**Task instructions**. Restate word for word the lines of the records below, starting at the line that contains "Internet connection icons set vector flat" and ending at the line that contains "LUXE Bidet NEO", with both of those lines included and nothing else.

Start of Provided information

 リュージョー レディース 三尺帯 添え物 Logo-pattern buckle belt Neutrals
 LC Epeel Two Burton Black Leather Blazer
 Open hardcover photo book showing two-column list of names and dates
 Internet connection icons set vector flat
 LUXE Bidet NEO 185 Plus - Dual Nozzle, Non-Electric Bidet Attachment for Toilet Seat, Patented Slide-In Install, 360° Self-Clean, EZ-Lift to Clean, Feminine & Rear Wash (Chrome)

End of Provided information
Start of Provided information

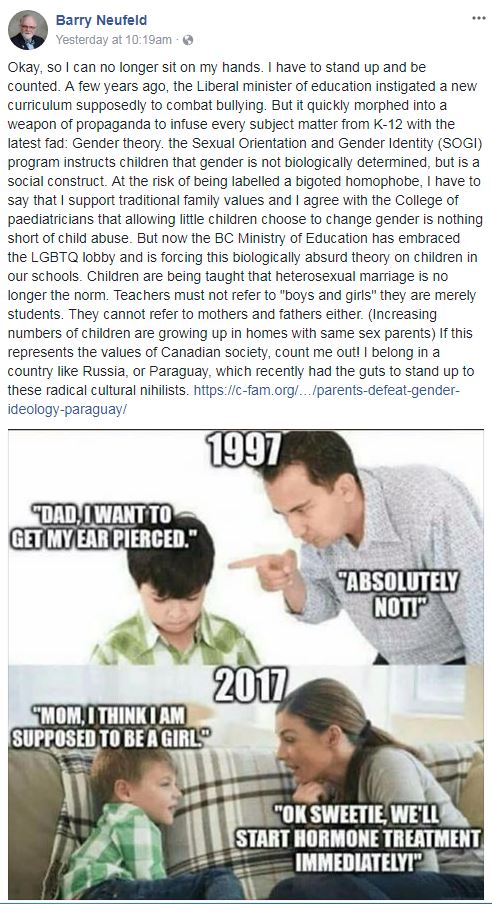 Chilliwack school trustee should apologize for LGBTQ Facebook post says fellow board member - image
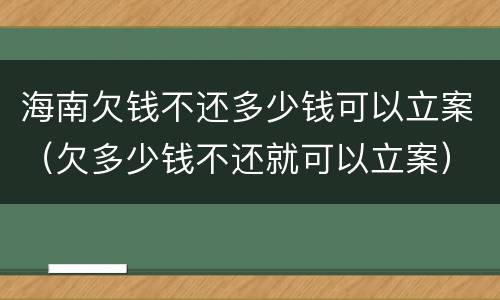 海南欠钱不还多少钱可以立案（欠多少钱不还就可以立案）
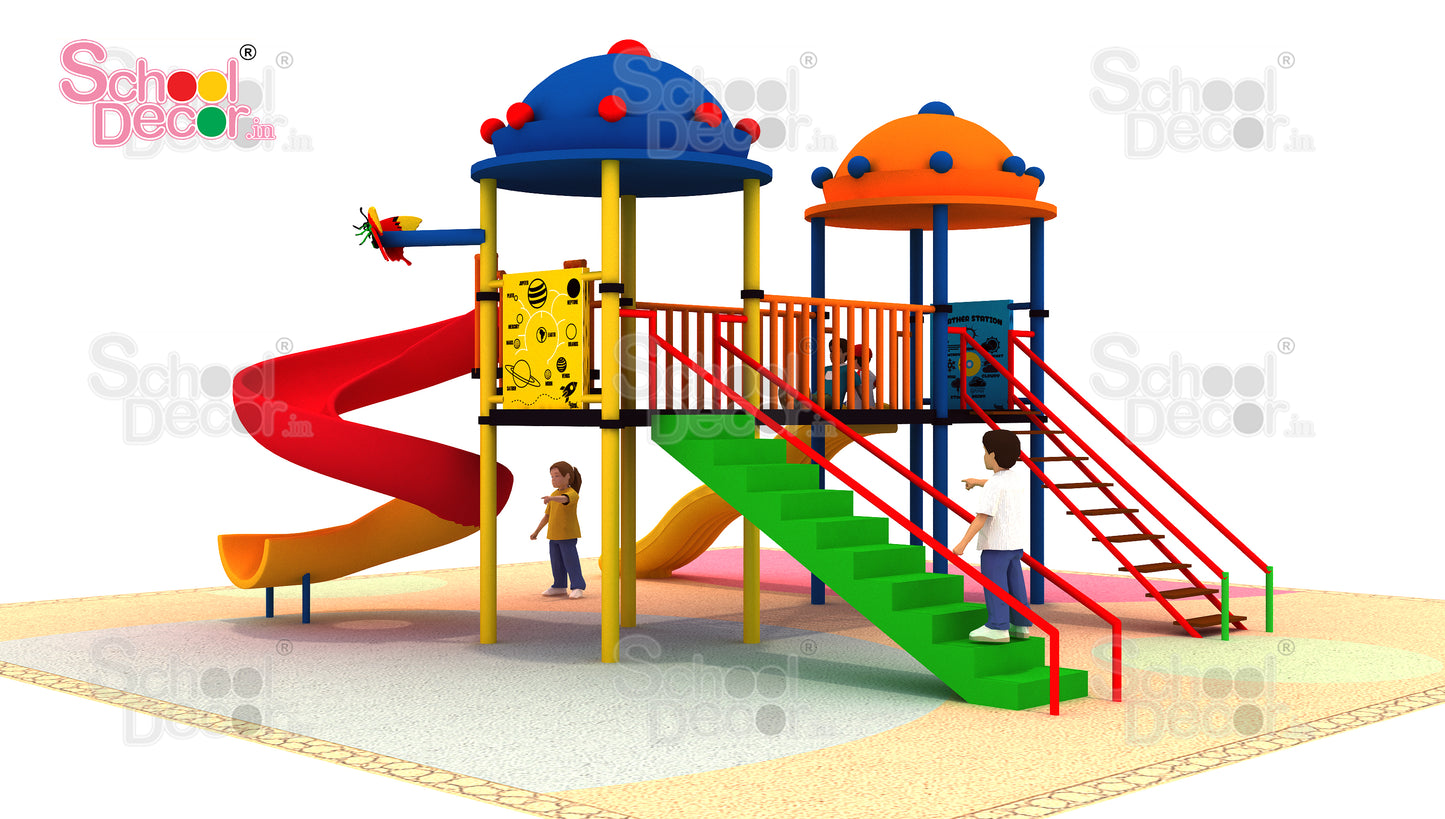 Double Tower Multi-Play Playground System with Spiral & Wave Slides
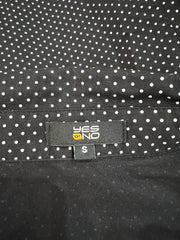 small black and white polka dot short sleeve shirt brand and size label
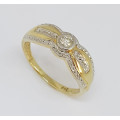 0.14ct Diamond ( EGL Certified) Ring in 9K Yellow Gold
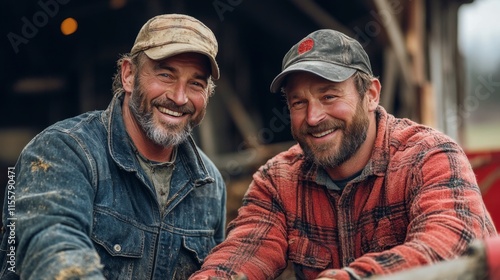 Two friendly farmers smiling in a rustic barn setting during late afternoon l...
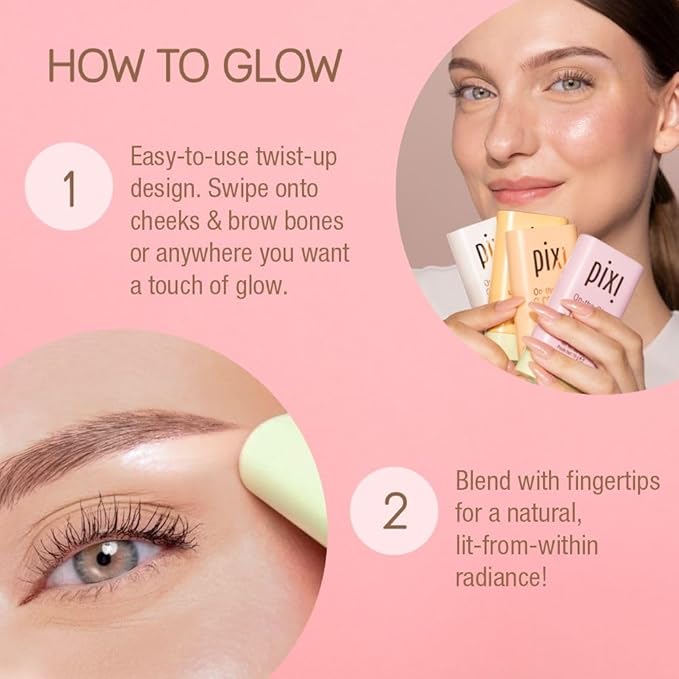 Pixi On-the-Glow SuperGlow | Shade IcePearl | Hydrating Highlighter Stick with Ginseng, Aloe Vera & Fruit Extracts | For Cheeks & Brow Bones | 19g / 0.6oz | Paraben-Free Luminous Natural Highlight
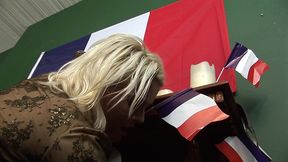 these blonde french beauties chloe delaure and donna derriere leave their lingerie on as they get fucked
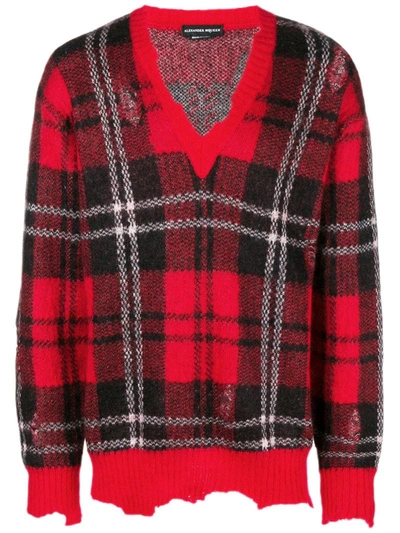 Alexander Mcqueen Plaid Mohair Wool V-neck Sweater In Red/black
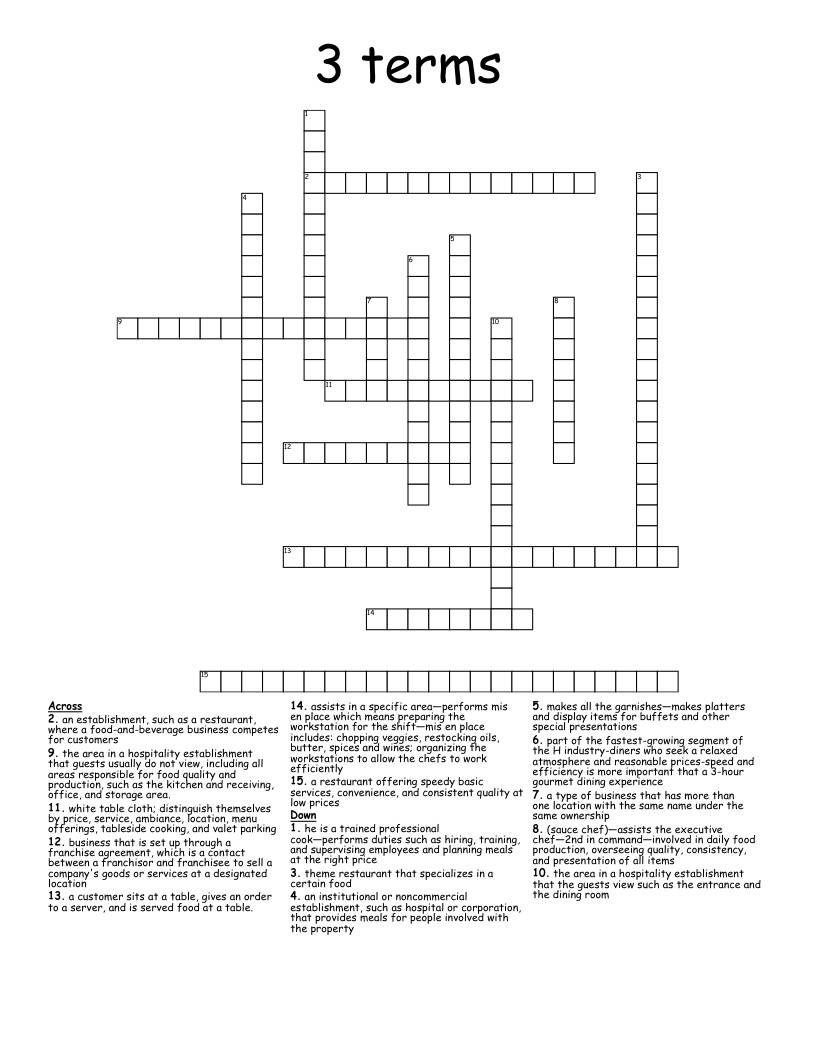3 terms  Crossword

End of Provided information

**Reply**.
 Internet connection icons set vector flat
 LUXE Bidet NEO 185 Plus - Dual Nozzle, Non-Electric Bidet Attachment for Toilet Seat, Patented Slide-In Install, 360° Self-Clean, EZ-Lift to Clean, Feminine & Rear Wash (Chrome)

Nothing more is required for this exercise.